## [INSTRUCTIONS TO FOLLOW]
Could you please find each line in the records that contains the word "photo" and copy it?

## [DATASET CONTENT]
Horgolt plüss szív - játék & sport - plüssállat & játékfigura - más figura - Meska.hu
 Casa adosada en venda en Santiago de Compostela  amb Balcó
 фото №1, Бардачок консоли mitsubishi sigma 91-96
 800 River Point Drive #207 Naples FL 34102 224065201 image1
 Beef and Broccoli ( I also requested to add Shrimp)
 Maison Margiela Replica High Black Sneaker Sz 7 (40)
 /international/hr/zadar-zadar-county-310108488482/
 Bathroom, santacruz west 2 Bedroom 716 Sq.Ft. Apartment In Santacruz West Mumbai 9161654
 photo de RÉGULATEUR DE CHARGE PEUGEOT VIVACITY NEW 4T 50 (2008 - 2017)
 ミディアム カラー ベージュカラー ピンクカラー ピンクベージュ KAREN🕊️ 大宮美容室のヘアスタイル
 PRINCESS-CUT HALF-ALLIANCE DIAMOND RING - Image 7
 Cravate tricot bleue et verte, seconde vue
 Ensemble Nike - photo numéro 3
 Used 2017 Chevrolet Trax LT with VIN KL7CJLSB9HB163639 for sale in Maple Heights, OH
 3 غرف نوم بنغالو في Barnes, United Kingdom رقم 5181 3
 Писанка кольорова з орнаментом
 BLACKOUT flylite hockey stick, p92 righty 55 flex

## [WRITTEN SOLUTION]
 photo de RÉGULATEUR DE CHARGE PEUGEOT VIVACITY NEW 4T 50 (2008 - 2017)
 Ensemble Nike - photo numéro 3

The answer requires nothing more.